* [Data section]
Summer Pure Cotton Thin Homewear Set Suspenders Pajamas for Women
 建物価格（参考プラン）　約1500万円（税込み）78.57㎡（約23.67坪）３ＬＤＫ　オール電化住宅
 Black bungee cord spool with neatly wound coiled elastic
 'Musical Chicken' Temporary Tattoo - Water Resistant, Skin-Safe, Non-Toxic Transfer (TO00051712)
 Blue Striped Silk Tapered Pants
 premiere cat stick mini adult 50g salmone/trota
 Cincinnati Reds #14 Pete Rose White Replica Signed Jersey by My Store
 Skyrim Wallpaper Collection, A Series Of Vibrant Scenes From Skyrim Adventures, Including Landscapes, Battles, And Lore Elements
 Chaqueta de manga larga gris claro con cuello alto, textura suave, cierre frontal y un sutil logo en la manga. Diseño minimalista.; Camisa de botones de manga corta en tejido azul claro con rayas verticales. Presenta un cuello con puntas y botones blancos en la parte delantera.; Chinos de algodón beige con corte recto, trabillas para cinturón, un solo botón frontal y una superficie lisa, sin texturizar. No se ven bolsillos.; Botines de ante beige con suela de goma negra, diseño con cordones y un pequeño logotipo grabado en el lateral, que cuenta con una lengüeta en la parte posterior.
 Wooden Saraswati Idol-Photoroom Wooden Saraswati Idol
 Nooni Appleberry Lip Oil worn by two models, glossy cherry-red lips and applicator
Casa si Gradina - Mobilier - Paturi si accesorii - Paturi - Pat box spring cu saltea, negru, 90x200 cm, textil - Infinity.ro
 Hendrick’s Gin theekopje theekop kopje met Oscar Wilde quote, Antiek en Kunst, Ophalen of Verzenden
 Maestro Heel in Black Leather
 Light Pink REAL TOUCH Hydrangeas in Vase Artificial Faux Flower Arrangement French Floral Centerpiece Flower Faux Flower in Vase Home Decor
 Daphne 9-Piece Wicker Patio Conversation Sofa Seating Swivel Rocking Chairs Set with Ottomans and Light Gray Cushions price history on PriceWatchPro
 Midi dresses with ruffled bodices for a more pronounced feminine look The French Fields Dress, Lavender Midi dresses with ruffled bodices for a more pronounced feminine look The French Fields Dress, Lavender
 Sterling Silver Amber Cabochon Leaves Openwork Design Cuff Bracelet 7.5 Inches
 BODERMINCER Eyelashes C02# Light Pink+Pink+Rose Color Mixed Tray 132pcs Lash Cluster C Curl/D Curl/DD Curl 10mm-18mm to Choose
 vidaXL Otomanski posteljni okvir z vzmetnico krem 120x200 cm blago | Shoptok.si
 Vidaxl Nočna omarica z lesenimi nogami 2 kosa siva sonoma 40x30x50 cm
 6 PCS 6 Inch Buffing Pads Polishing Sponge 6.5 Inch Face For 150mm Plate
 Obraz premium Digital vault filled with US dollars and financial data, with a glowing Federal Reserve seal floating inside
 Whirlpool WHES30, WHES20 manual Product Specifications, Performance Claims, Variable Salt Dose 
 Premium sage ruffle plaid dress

* [Exercise details]
Of the entries above, repeat exactly the lines between the line with "Nooni Appleberry Lip" and the line with "Dress, Lavender Midi", inclusive, and no others.

* [Result of the task]
 Nooni Appleberry Lip Oil worn by two models, glossy cherry-red lips and applicator
Casa si Gradina - Mobilier - Paturi si accesorii - Paturi - Pat box spring cu saltea, negru, 90x200 cm, textil - Infinity.ro
 Hendrick’s Gin theekopje theekop kopje met Oscar Wilde quote, Antiek en Kunst, Ophalen of Verzenden
 Maestro Heel in Black Leather
 Light Pink REAL TOUCH Hydrangeas in Vase Artificial Faux Flower Arrangement French Floral Centerpiece Flower Faux Flower in Vase Home Decor
 Daphne 9-Piece Wicker Patio Conversation Sofa Seating Swivel Rocking Chairs Set with Ottomans and Light Gray Cushions price history on PriceWatchPro
 Midi dresses with ruffled bodices for a more pronounced feminine look The French Fields Dress, Lavender Midi dresses with ruffled bodices for a more pronounced feminine look The French Fields Dress, Lavender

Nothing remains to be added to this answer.